I thought I'd update you today on what's happening with my friend Judge (and Reverend) Wendell Griffen right now. As his recent Democracy Now! interview with Amy Goodman and Juan González reports, a move is afoot to have him impeached as a member of the Arkansas judiciary due to his outspoken opposition — as a Christian pastor — to the death penalty. On Good Friday, he took part in a protest against the death penalty organized by the church he pastors, New Millennium Baptist church in Little Rock, and the impeachment proceedings are due to his participation in that protest.
As Wendell states in his Democracy Now! interview, this is not by any means the first time that the white racist power structure in Arkansas has tried to shut him down as an outspoken African-American judge and pastor who speaks his mind. He states,
The issue is not whether or not I followed the law on Good Friday. The issue really is—and I think Trent Garner has made this very clear. Senator Trent Garner has made it clear. He has a long-standing objection to the fact that Wendell Griffen, as a person, and Wendell Griffen, as a judge, holds views about public policy and life that he finds objectionable. I believe that people should earn a living wage, and I'm not afraid to say so. I believe that it is wrong for us to demonize immigrants, for us to pick on our LGBTQ brothers and sisters, for us to marginalize people because they are different. I supported marriage equality. I am glad that we have finally in Arkansas embraced the notion that all persons are entitled to live out their love openly and honestly without being demonized for it and having to be forced to live in the shadows. There are people who find my perspective on life and on faith abhorrent. They have a right to do that. But they don’t have a right as public officials to punish me or to try to punish anybody else simply because they disagree with what I view life should be.
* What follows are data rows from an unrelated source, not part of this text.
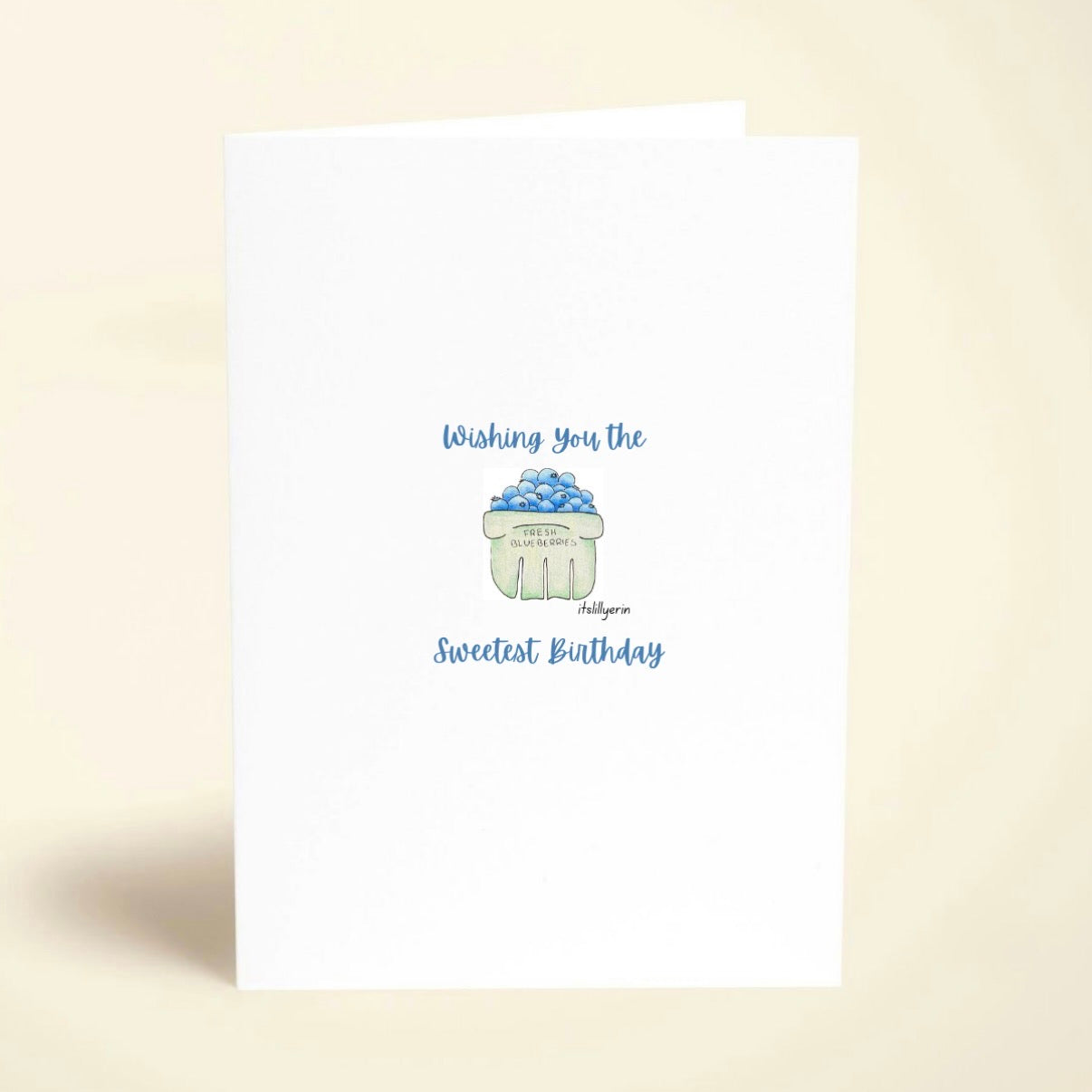 Greeting card with birthday message and cupcake illustration on a beige background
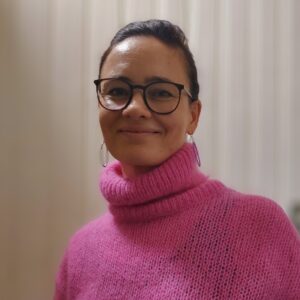 Tummatukkainen, silmälasipäivinen, pinkkiin jumpperiin pukeutunut nainen kasvokuvassa.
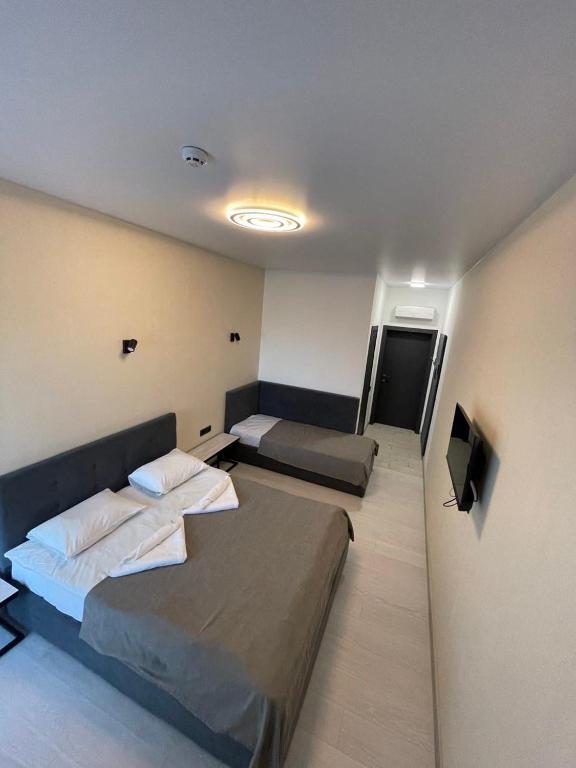 Postel nebo postele na pokoji v ubytování Forsage Hotel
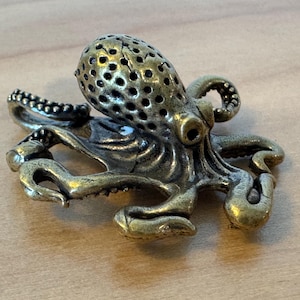 May include: A small, detailed, brass octopus figurine with a textured, patterned head. The octopus has eight tentacles and is posed in a curled position.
I think that we, as public officials, have a responsibility to honor the freedom in this society to disagree. That's a wonderful thing. And it is something very dishonorable—we have a word for it, "tyranny"—something very dishonorable when we use power to punish people with whom we disagree. And so, this issue involving impeachment is nothing that I need to think about, other than simply the latest effort to punish a judge, a black judge—I will say it, a black judge—with whom the white power structure in Arkansas disagrees. And I am a black judge and a black preacher. And just like the power structure disagreed with Martin King and found him objectionable, the power structure in Arkansas disagrees with Wendell Griffen and finds me objectionable. But I think that the important thing for me to remember is, if I am to be faithful to the law, I've got to follow the law, no matter whether the people agree with me or not, or whether people approve of me or not. If I'm going to be faithful to my faith, I’ve got to live true to my faith, even if people find my faith objectionable and even if they’re willing to punish me for it. And I've got to be willing to say, "If you want to punish me for my faith, I'm going to live out my faith. You can decide whether to punish me."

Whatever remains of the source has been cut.